Despite accounting for other varying factors, it was observed that the more social media one used, the more likely they were to suffer from depression. University of Gothenburg’s researchers studied the online habits of more than 4,100 Swedish men and women between the ages of 20 and 24 over a year and found that those who are constantly glued to their screens develop stress, depression and sleeping disorders much more easily than those who don’t. Sara Thomee, the lead author of the study, said:

“It was easy to spend more time than planned at the computer (e.g., working, gaming, or chatting), and this tended to lead to time pressure, neglect of other activities and personal needs (such as social interaction, sleep, physical activity), as well as bad ergonomics, and mental overload.”

  1. When people self-injure, e.g., cut themselves with razors, the brain immediately stops repeating painful thoughts, such as, “I am worthless and unlovable”, and releases a flood of soothing endorphins.

Experts refer to this as non-suicidal self-injury. A saddeningly high number of teenagers engage in self-harm and harbour negative emotional spaces, but a substantial percentage of cutters are not suicidal. Scientists conducted a study in which they discovered that people engage in self-injury as a way to cope with their negative and sometimes destructive emotions. To most people who do this, the activity calms them down due to the release of pain-relieving endorphins in the brain. in fact, this euphoric experience may turn into an addiction and fuel a vicious cycle.

  1. Placebos are 31% to 38% effective in treating depression, compared to 46% to 54% for antidepressants, studies show.

A study commissioned by the National Institute for Health and Care Excellence concluded that there is strong evidence of antidepressants having greater efficacy than placebo. They saw a 50% reduction in depression intensity in moderate and severe major depression a similar effect was observed in cases of mild depression. A new paper published in the journal JAMA Psychiatry studied the unique relationship between placebo and antidepressants showed that men and women who reported a substantial improvement in depression symptoms after taking placebo pills also had a greater likelihood to experience positive results when they took real antidepressants.

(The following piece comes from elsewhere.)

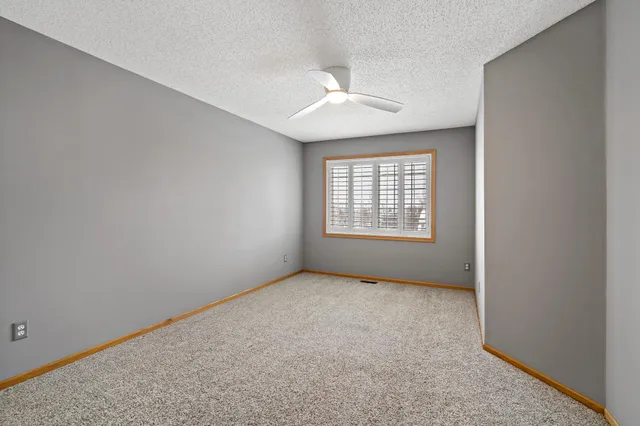 $2,499 | 11125 Baltimore Street Northeast, Unit L, Blaine, MN 55449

  1. Moderate exercise can not only treat but actually prevent episodes of depression in the long term.

PhD candidate George Mammen’s paper published in the American Journal of Preventive Medicine has found that physical activity doesn’t just effectively treat depression, but moderate exercise can actually recurring episodes of depression in the long-term. Mammen analyzed findings from over 26 years’ worth of research and discovered that even low levels of physical exertion (like walking and gardening for 20-30 minutes a day) can keep depression at bay for people of all ages.

  1. Gratitude can boost dopamine and serotonin, just like antidepressants.

Feelings of gratefulness activate the brain stem regions that produce dopamine and serotonin, which makes social and inter-personal interactions more enjoyable. Focusing on the positive aspects of one’s life is a simple act that increases serotonin production in the brain. In addition to all these great benefits, gratitude towards oneself and others creates a feedback loop in relationships. You get what you give.

  1. A video game designed to treat depression worked better than counseling.

Researchers from the University of Auckland in New Zealand published results of a study comparing the video game (called SPARX) against traditional counseling. The game guides the players through numerous challenges to gain insight into handling real-life situations and emotions. They are also taught cognitive behavioural therapy techniques for identifying and dealing with symptoms of depression (dealing with negative thoughts, problem-solving, relaxation and so on)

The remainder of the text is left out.